Kediler ön patilerini vücutlarına yaklaştırarak momentumu azaltırlar böylece üst vücutları da kendi ekseni etrafında dönmeye başlar. Bu sırada arka ayakları ile zıt etki yaratırlar ve bacaklarını uzatırlar. Sonuç olarak üst gövde geniş bir açıyla dönerken, bacaklar da ters yönde daha az döner ve bu insanlara kıyasla çok daha esnek olan omurgası sayesinde rahatlıkla gerçekleşir.
Fizik yasalarına göre düşme yüksekliği arttıkça düşmenin vereceği etki o kadar artar. Ancak bu durumun 1980’li yıllarda yapılan deneylerde kediler için çok da geçerli olmadığını ortaya çıktı.
Veterinerler 1984 yılının haziran ve kasım aylarında bildirilen kedilerin farklı yükseklikteki katlardan düştüğü toplamda 132 vakayı tanımladı. Sonuçta kedilerin yüzde 90’ı hayatta kaldı. O zaman için şaşırtıcı olansa kat sayısı 7’ye kadar olan vakalarda hasar yüksekken, kat sayısı yükseldikçe hasarın etkisinin azalmasıydı.

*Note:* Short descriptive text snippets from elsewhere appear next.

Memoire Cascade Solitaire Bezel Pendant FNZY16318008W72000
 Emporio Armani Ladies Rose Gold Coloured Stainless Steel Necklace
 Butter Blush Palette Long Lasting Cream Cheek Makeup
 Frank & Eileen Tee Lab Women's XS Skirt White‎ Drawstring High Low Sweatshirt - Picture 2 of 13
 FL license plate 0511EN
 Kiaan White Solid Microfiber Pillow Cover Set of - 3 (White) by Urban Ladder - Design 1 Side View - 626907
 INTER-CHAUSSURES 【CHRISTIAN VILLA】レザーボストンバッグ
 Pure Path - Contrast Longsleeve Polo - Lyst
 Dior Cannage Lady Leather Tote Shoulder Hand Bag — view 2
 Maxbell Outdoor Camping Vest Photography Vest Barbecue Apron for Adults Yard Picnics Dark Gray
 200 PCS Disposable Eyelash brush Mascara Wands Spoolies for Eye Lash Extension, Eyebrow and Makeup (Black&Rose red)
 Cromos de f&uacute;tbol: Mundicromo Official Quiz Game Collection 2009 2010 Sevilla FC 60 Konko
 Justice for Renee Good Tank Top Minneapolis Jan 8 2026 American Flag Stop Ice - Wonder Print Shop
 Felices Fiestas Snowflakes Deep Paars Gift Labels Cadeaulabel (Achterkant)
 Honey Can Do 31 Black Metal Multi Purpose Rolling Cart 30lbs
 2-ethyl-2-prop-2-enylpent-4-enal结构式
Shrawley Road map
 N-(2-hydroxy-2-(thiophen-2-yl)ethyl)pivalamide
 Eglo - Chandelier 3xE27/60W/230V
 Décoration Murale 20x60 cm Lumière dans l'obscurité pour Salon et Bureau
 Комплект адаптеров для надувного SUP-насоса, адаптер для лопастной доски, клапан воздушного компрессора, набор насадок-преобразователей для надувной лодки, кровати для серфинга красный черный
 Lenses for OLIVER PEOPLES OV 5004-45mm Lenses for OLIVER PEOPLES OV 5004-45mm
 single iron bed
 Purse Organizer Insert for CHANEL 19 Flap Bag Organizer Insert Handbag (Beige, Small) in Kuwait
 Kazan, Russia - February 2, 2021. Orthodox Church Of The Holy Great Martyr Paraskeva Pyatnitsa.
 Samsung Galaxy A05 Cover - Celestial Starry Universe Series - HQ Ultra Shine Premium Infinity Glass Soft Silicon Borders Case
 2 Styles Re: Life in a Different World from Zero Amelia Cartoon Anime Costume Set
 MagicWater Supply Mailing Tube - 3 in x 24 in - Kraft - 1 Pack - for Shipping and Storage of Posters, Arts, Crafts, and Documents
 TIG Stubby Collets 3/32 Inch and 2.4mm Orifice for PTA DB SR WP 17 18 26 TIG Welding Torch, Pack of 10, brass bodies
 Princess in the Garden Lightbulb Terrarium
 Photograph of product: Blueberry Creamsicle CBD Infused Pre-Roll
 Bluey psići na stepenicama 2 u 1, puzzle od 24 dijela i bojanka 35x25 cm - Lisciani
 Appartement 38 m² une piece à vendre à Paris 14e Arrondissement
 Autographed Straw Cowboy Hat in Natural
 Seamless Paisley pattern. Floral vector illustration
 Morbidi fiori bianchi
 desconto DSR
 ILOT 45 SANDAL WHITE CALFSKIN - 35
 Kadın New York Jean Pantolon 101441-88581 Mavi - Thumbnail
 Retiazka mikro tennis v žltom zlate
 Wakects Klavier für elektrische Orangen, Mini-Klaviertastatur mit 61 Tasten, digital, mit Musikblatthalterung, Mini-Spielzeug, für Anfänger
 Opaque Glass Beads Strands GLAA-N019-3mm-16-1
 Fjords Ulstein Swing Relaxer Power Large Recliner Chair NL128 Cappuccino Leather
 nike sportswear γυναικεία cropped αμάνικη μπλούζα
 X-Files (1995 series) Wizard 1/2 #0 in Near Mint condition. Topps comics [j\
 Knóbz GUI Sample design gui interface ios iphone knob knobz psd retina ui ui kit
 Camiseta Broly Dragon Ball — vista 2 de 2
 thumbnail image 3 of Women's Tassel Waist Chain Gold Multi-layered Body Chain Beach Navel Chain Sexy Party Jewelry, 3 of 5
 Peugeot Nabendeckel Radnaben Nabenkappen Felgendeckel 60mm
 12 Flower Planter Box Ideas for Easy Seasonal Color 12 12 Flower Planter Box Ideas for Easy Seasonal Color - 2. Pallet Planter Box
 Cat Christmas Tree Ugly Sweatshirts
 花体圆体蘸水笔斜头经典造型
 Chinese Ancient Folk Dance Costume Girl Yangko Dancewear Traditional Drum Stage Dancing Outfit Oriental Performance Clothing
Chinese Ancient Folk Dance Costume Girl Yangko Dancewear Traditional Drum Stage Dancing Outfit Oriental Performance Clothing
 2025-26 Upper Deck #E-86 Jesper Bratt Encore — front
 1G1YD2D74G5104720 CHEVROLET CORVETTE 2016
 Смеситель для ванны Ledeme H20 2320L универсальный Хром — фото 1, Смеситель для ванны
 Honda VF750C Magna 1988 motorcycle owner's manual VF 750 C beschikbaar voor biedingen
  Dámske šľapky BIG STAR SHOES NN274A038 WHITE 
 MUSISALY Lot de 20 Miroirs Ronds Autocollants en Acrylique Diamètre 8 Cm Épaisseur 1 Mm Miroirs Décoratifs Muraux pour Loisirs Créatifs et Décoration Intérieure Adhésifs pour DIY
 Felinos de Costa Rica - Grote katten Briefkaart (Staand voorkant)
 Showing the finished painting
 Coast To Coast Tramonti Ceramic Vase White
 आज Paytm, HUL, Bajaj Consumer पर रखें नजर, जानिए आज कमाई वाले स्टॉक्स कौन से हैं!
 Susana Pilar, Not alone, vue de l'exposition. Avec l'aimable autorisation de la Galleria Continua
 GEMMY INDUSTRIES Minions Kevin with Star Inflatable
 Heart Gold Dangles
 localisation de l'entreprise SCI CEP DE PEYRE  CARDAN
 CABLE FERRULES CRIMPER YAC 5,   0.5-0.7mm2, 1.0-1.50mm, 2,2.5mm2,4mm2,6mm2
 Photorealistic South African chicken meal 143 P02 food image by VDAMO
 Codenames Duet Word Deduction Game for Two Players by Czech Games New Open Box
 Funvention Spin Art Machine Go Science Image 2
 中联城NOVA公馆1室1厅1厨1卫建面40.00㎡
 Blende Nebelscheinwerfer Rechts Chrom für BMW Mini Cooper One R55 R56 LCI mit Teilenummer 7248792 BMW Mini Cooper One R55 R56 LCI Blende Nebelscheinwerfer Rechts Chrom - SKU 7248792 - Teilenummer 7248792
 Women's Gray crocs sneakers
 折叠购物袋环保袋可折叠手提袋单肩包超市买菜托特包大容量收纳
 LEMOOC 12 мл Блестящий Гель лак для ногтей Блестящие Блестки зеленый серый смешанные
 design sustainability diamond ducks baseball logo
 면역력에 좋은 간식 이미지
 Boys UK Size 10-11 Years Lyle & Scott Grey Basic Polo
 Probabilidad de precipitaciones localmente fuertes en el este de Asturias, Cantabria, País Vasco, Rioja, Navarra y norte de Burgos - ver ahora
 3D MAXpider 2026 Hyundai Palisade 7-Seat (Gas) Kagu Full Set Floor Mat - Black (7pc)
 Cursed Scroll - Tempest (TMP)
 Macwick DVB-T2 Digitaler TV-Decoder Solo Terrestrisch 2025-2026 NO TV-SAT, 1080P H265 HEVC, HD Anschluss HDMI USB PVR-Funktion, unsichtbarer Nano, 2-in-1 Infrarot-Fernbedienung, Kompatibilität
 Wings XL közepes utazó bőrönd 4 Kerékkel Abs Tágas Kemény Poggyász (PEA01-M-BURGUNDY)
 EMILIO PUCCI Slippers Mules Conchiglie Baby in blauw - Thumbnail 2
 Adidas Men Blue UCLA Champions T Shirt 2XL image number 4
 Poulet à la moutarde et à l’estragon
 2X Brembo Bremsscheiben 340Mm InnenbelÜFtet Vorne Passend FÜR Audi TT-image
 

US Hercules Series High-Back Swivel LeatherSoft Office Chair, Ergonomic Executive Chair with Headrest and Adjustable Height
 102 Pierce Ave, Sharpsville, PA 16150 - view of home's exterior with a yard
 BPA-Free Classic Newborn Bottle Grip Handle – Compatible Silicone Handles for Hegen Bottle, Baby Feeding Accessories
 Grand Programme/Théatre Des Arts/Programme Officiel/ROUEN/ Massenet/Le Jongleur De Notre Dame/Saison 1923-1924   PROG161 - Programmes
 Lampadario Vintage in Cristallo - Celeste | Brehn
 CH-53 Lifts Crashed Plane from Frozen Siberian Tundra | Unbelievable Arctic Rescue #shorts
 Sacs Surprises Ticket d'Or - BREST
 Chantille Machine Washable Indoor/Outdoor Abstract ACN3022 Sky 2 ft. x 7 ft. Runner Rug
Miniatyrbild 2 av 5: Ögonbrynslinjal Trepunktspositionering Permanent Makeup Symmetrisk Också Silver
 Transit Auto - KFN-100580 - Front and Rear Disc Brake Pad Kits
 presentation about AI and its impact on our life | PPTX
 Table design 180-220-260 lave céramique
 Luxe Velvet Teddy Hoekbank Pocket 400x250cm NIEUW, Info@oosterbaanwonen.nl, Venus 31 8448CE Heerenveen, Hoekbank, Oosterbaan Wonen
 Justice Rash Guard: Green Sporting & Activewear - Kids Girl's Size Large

Burada da kedilerin fizik kurallarını çiğnediği sonucu ortaya çıktı ancak Scientific American editörü ve aynı zamanda teorik fizikçi Manon Bischoff konu hakkında detaylı bir grafik ve formüller yayınladı. Buna göre kedinin belirli bir zamandaki hızını hesaplamak istiyorsanız hem hızın kendisini hem de türevini içeren karmaşık bir denklem sistemini çözmeniz gerekiyor.
Açıkladığı bu tür diferansiyel denklemler için genellikle kesin bir çözüm bulunmaz ancak sonuca yakın çözümler için bir hesaplama vardır.
Burada kedinin boyu, kilosu, kapladığı alana bağlı olarak başlangıçta hızla büyüyen ve sonra düzleşen sabit bir değere yaklaşan eğri elde edersiniz. Kedi, düşerken önce hızla hız kazanır, sonunda ise o kadar güçlü hale gelir ki artık hızlanmaz ve sabit kalır.
Öte yandan bir kedinin son hıza hangi yükseklikte ulaştığını bulmak için diferansiyel denklem çözülebilir ve böylece çarpma anında düşme yüksekliğinin bir fonksiyonu olarak da hız hesaplanabilir.
Bir kedi 100 metre yükseklikten düşüşte saniyede 30 metre hıza ulaşır, kedilerin örneğin 32. kattan düşerek hayatta kaldıkları durumlarda teorik olarak 120 kilometre gibi mümün olan en yüksek son hıza sahip bir çarpmadan sağ kurtulması da bunun kanıtı olur.
Sonuçta, hayvanlar teoride akla gelebilecek herhangi bir yükselikten düşmekten kurtulabilirler. Ancak öte yandan bildirilmeyen vakalar da var. Bulgular kedilerin hayatta kalma içgüdülerini ortaya koyarken bir diğer yandan yüksek kattan düşüp hayatını kaybeden kedilerle ilgili bildirim yapılmadığı için durum halen tamamen kesin sonuçları göstermemekte.